PROBLEM REQUIREMENTS:
Could you please find each line in the records that contains the word "room" and copy it?
----------
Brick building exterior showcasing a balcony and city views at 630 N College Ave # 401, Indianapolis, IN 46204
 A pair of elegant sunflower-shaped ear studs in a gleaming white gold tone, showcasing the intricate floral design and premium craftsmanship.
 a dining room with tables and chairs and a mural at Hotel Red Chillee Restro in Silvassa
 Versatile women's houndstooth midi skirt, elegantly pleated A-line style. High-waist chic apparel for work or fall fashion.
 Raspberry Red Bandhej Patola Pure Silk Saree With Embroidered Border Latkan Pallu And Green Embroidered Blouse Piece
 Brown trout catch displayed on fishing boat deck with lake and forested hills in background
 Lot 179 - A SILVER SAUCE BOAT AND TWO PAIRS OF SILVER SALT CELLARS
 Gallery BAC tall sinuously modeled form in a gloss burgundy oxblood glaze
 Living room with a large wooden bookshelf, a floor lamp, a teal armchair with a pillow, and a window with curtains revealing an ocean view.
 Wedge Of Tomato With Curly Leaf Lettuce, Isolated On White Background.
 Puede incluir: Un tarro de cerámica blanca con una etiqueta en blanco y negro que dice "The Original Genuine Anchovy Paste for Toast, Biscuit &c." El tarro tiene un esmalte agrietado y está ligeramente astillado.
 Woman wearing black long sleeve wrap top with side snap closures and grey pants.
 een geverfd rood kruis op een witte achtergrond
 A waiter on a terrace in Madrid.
----------
YOUR RESPONSE:
 a dining room with tables and chairs and a mural at Hotel Red Chillee Restro in Silvassa
 Living room with a large wooden bookshelf, a floor lamp, a teal armchair with a pillow, and a window with curtains revealing an ocean view.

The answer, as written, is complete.